**Stored items:**
▼▼▼

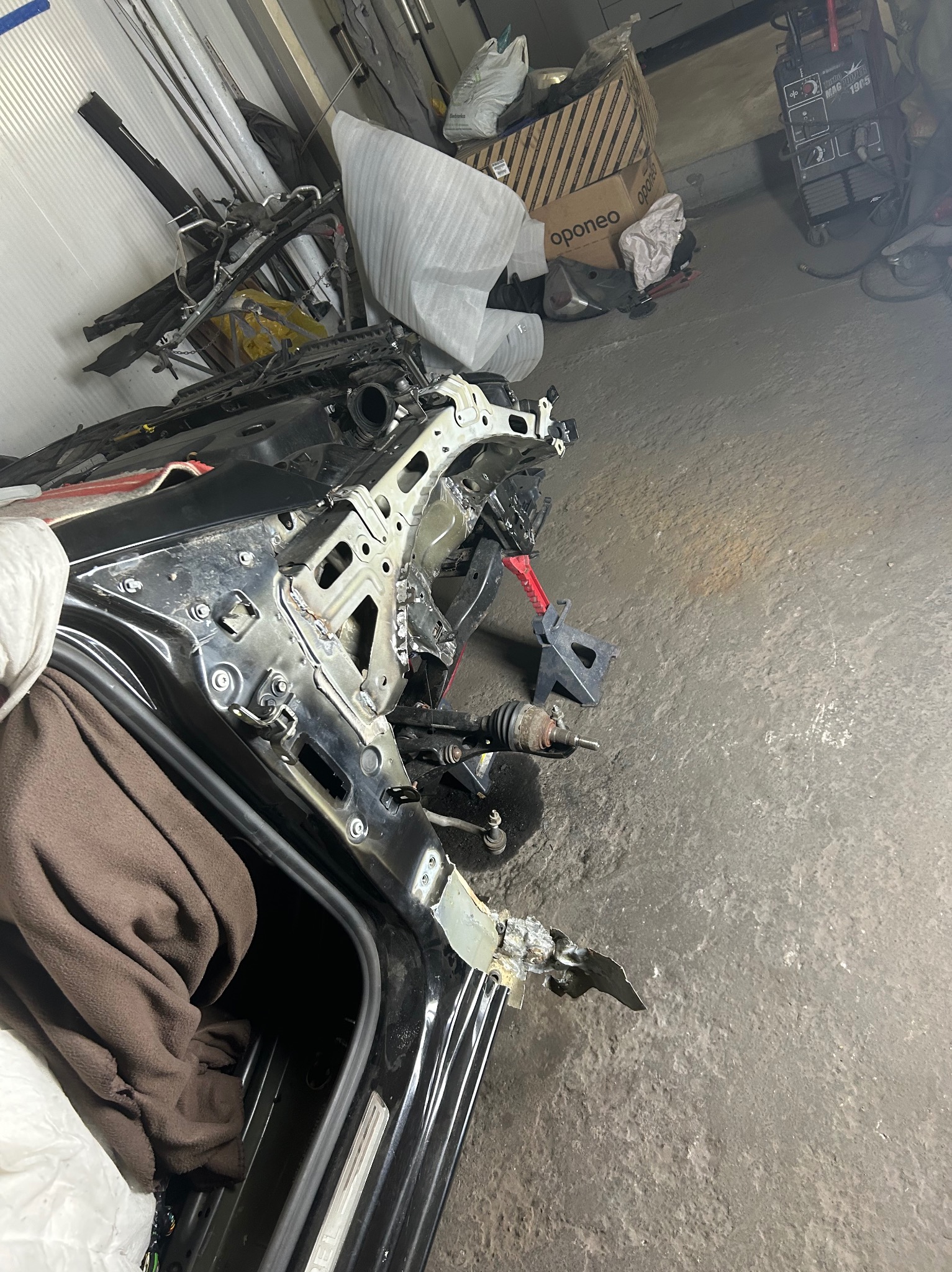 Uszkodzony przód czarnego samochodu marki Opel po wypadku, wsparty na podnośniku warsztatowym, widoczne elementy blacharskie w trakcie naprawy w warsztacie.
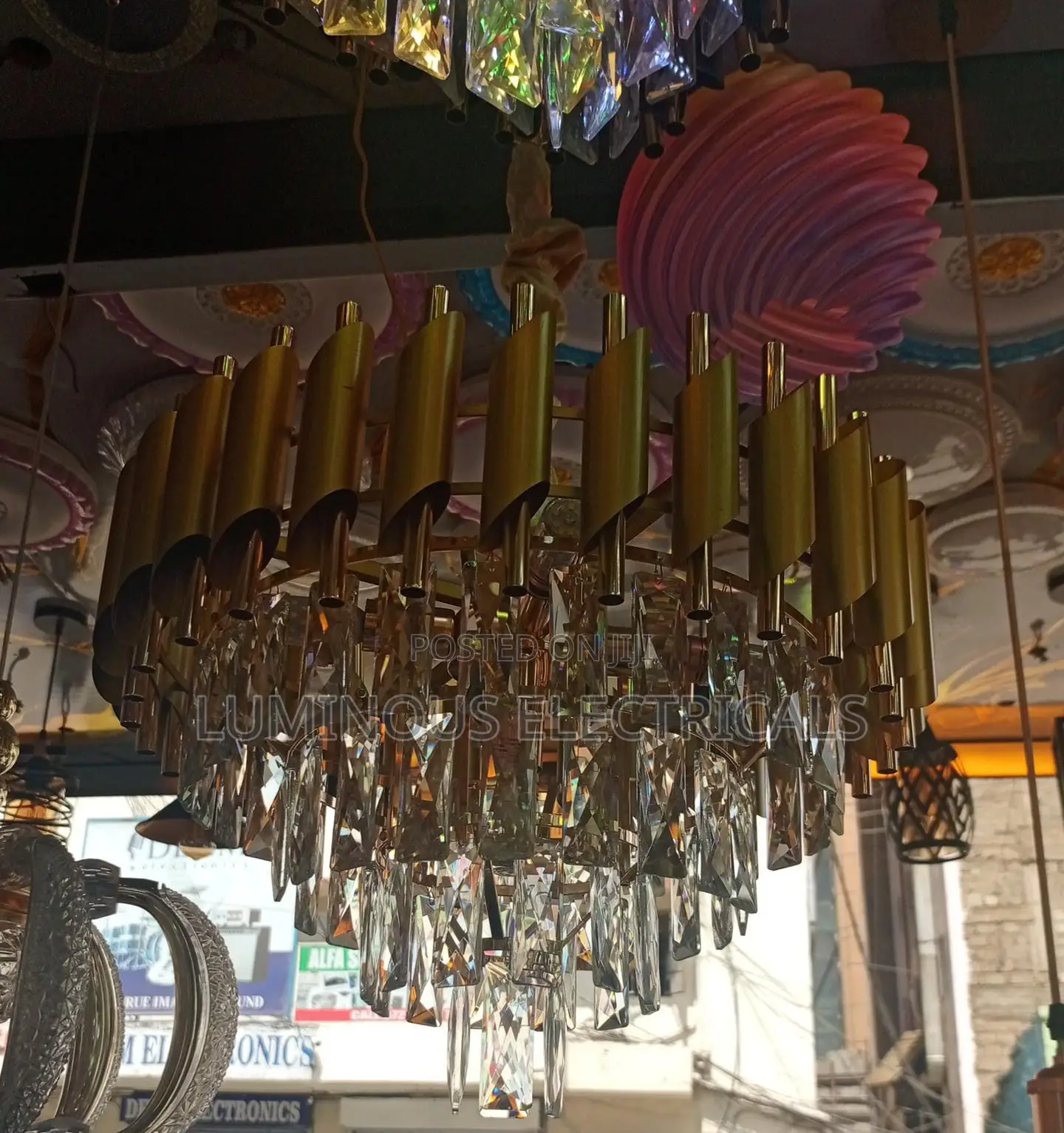Elegant Multi-Tier Gold Pipe Crystal Chandelier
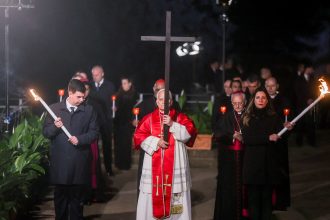 El Papa León XIV lleva la cruz en un Vía Crucis por la paz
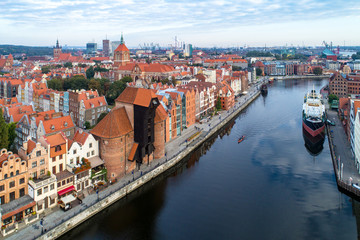 Gdansk old city in Poland with the oldest medieval port crane (Zuraw) in Europe,  St John church, Motlawa River, old granaries, ships and boat. Aerial view in early morning.   © nahlik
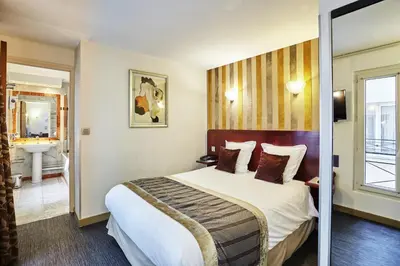 Un ou plusieurs lits dans un hébergement de l'établissement Hotel Opéra d'Antin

▲▲▲

**Task prompt:**
Write out the records above exactly. Pictures do not belong in the copy.

**Solved exercise:**
 Uszkodzony przód czarnego samochodu marki Opel po wypadku, wsparty na podnośniku warsztatowym, widoczne elementy blacharskie w trakcie naprawy w warsztacie.
Elegant Multi-Tier Gold Pipe Crystal Chandelier
 El Papa León XIV lleva la cruz en un Vía Crucis por la paz
 Gdansk old city in Poland with the oldest medieval port crane (Zuraw) in Europe,  St John church, Motlawa River, old granaries, ships and boat. Aerial view in early morning.   © nahlik
 Un ou plusieurs lits dans un hébergement de l'établissement Hotel Opéra d'Antin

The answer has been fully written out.